New Check: Cornering Acceleration.

Identifies sharp turns at high speeds that can cause print defects.

Toolpaths with sharp turns at high speeds can cause print quality issues like ringing in polymers, bead inconsistencies in metals, or flow disruptions in concrete.

What it does:

This check calculates a cornering severity score based on the physics of each turn (centripetal acceleration), combining feedrate, corner angle, and segment length. Each corner gets a quality score from 0–100%, where 100 is smooth and 0 indicates a problematic corner that may exceed your machine’s acceleration limits.

How it works:

The tool will flag any layers that exceed a severity threshold, and visualises the problem areas in the 3D scene so you can identify and fix aggressive cornering before printing.

Use to:

  • Identify aggressive cornering before printing, avoiding defects
  • Compare different toolpath strategies to find smoother motion profiles
  • Tune speed settings to stay within your machine’s acceleration capabilities

Other Quality Check Improvements.

Zoom Extents Button – Added a “Center Object on screen” button to the Quality Checks interface that automatically zooms and centres the camera on your toolpath, making it faster to inspect flagged issues without manually adjusting the 3D view.

Overhang Analysis Text Fix – Fixed an unnecessary character (Â) that appeared in the overhang analysis results, making layer-by-layer reports cleaner and easier to read.

Nonplanar Weaving Strategy (Beta)

World-first nonplanar weaving toolpaths for 6-axis DED and WAAM systems.

In metal additive manufacturing (DED, WAAM, laser wire), weaving or meandering toolpaths—where the torch oscillates back and forth as it deposits material—enable wider wall structures, improve heat distribution across the deposition area, and achieve better dimensional accuracy on curved surfaces.
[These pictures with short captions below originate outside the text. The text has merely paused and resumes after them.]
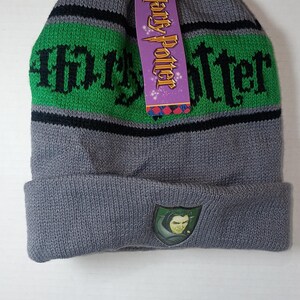 May include: A grey knit beanie featuring a horizontal green stripe with the black text Harry Potter. A purple product tag with the text Harry Potter is attached to the top. The cuff displays a small shield patch featuring a character illustration.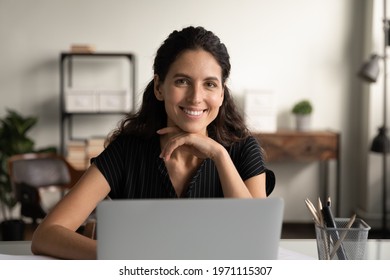 Happy worker. Headshot portrait of confident young latin female posing by office computer at work desk. Smiling successful millennial woman remote employee freelancer sit at workplace look at camera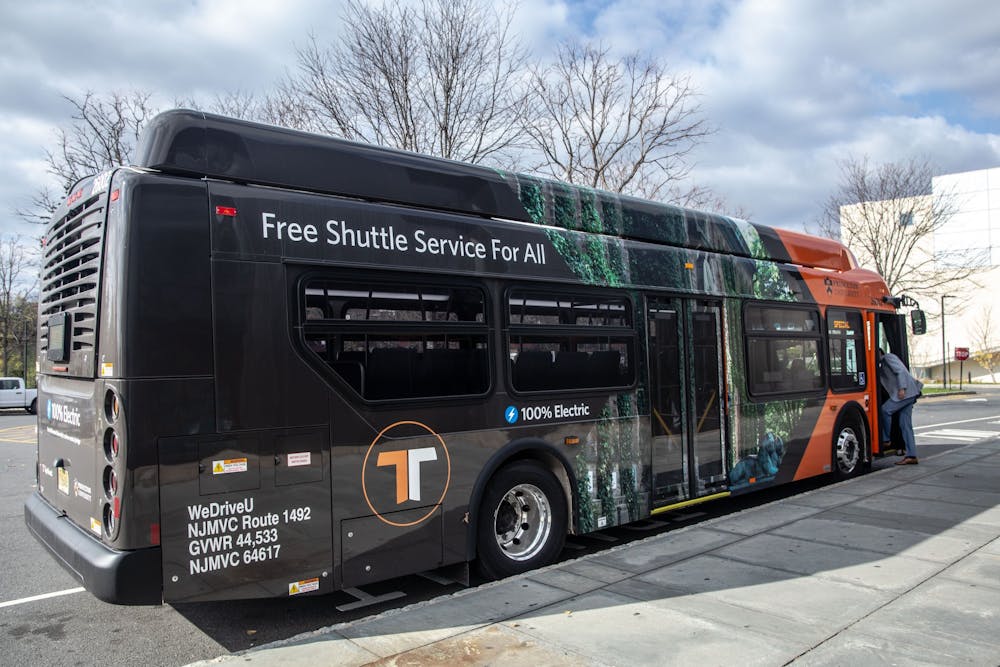 A black-and-orange bus on a sunny day has the words “Free Shuttle Service For All” on its side.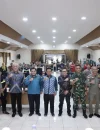 Kepala Bapperida Pontianak Sidig Handanu saat membuka rapat koordinasi percepatan proyek SPALD-T di Aula Rohana Muthalib Pontianak.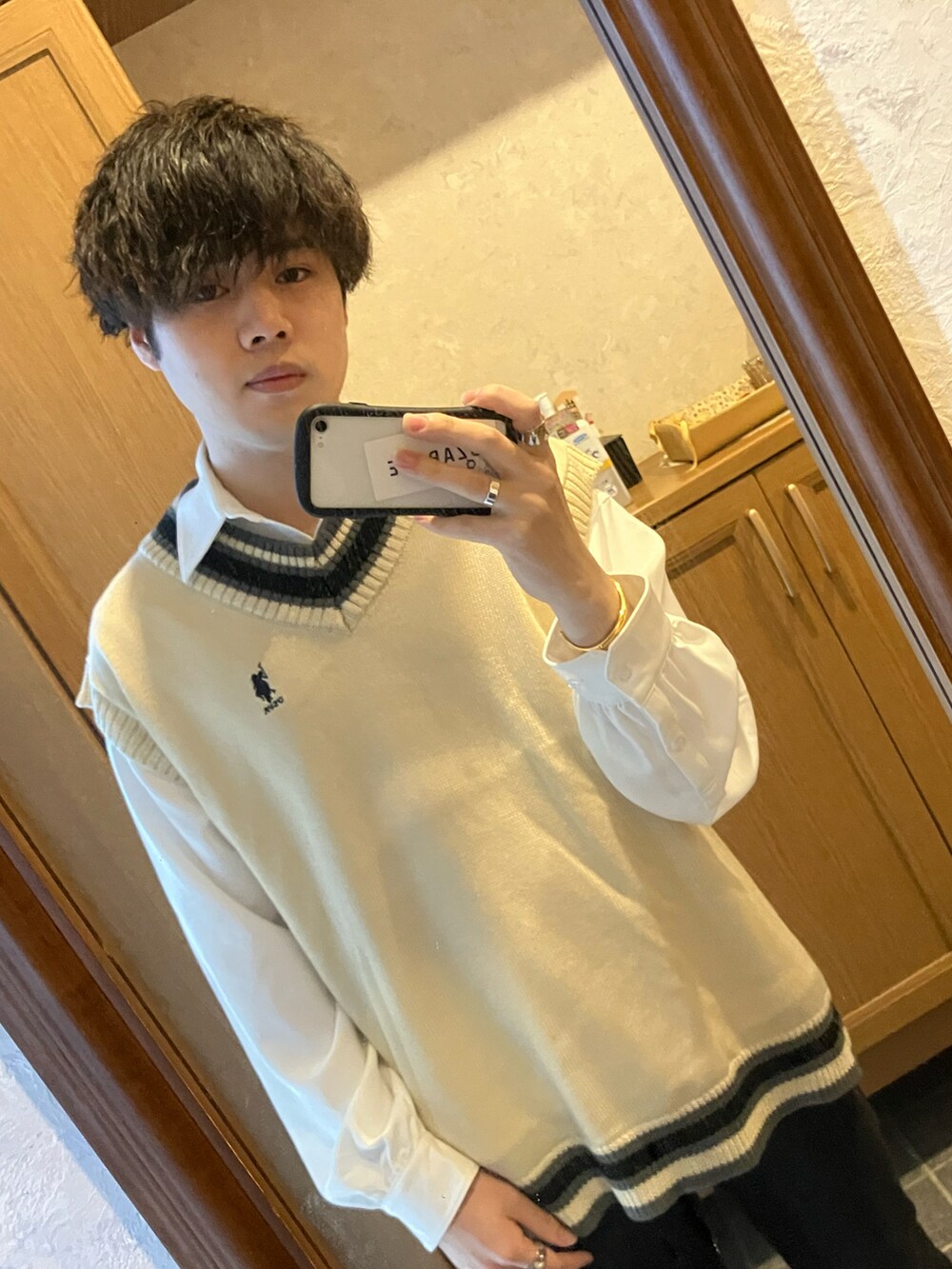 ブラック系のスニーカー、ブラック系のデニムパンツ、ホワイト系のベストを着用したメンズの春コーディネートの2枚目の写真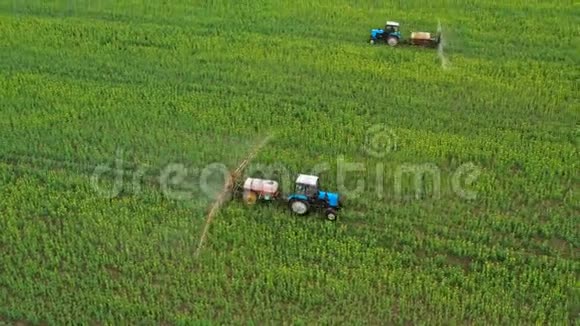 两台拖拉机相互驾驶的空中视野并在油菜地上的农业植物上喷洒肥料视频的预览图
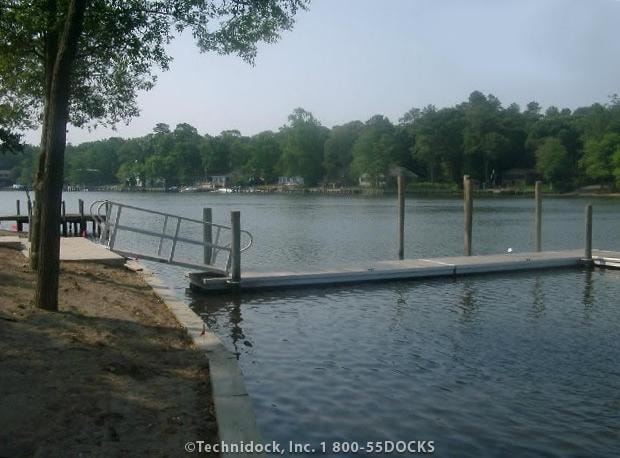 TechniDock aluminum composite floating dock with gangway on calm tree-lined river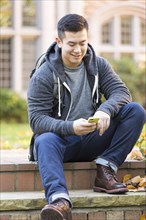 Mixed race college student sitting on campus steps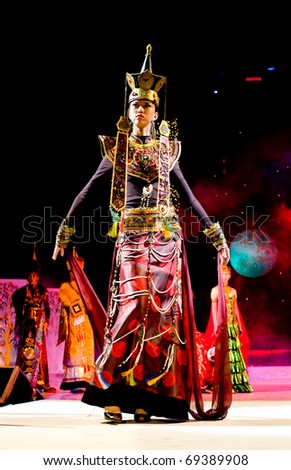 ULAN-UDE, RUSSIA - OCTOBER 29: A model wears an ethnic style dress at the International Asian Fashion Festival on October, 29, 2009 in Ulan-Ude, Buryatia, Russia.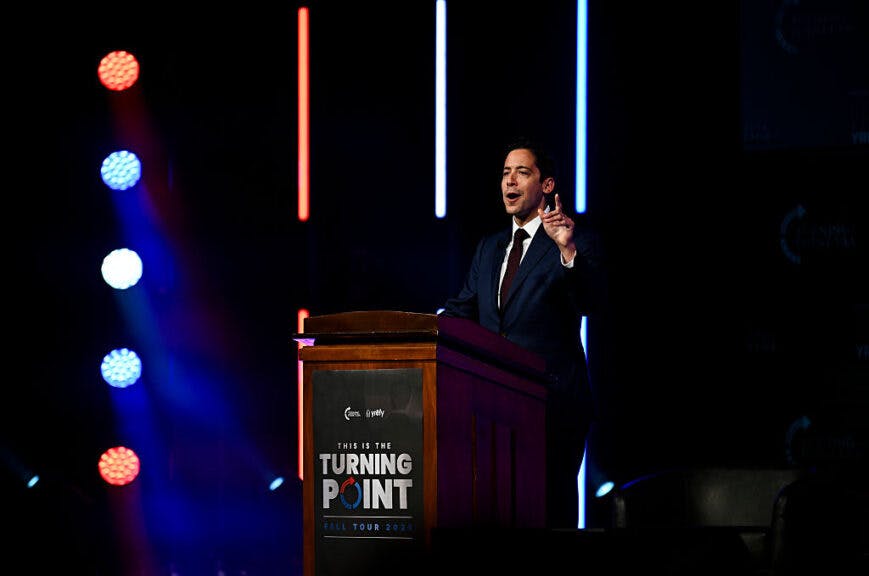 MINNEAPOLIS, MINNESOTA - SEPTEMBER 22: Political commentator Michael Knowles points to an empty chair on stage during the "American Comeback Tour" event at Northrop Auditorium on the University of Minnesota campus on September 22, 2025 in Minneapolis, Minnesota. The event was hosted by Knowles after the assassination of Charlie Kirk earlier this month. (Photo by Stephen Maturen/Getty Images)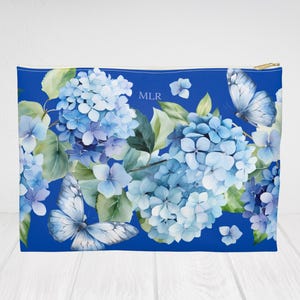 Op de afbeelding: Een blauwe etui met ritssluiting met een aquarelontwerp van blauwe hortensia's en vlinders. De etui heeft een gouden rits en de initialen "MLR" zijn zichtbaar. De achtergrond is helderblauw.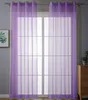 Two sheer purple curtains hang in front of a window with a grid pattern. A framed picture is on the left wall, and a wooden dresser with a potted plant is on the right.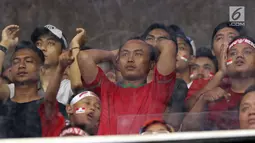 Ekspresi kekecewaan suporter saat menyaksikan laga Timnas Indonesia U-19 melawan Jepang U-19 pada perempat final Piala AFC U-19 2018 di Stadion GBK, Jakarta, Minggu (28/10). Indonesia kalah 0-2. (Liputan6.com/Helmi Fithriansyah)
Until now, weaving has been limited to planar deposition strategies.

This release brings Aibuild’s leading nonplanar toolpath technology to metal AM, enabling weaving strategies on curved, non-planar surfaces for the first time on robotic 6-axis systems.

How it works:

The Nonplanar slicing mode now supports weaving infill across all nonplanar strategies. To enable, turn on infill and select weaving. The system unwraps suitable guide meshes (those with a single naked edge), generates the weaving pattern in 2D to maintain accurate bead spacing, then maps the pattern back to the 3D surface.

Use for:

  • Manufacturing components with varying wall thicknesses – Build parts that require thicker walls in specific areas without changing process parameters or making multiple passes.
  • Better heat distribution on complex geometries – Distribute heat over a wider area rather than concentrating it in a single spot, reducing thermal distortion and achieving more consistent bead geometry on curved surfaces.
  • Improved dimensional accuracy for curved parts –-Achieve better formability and surface quality when depositing on non-planar surfaces where gravity affects the melt pool
  • Cladding and coatings on curved surfaces – Apply protective or functional coatings to continuously varying geometries without sacrificing the process stability benefits of weaving.
  • Complex geometry repair – Repair worn turbine blades, moulds, or other components with non-planar damage profiles while maintaining dimensional accuracy
  • Pre-visualisation and optimisation – View and optimise your weaving toolpath before manufacturing, rather than relying on robot controller auto-weaving that you can’t inspect in advance

This is a world-first capability for 6-axis DED systems and represents a significant advancement in nonplanar metal additive manufacturing.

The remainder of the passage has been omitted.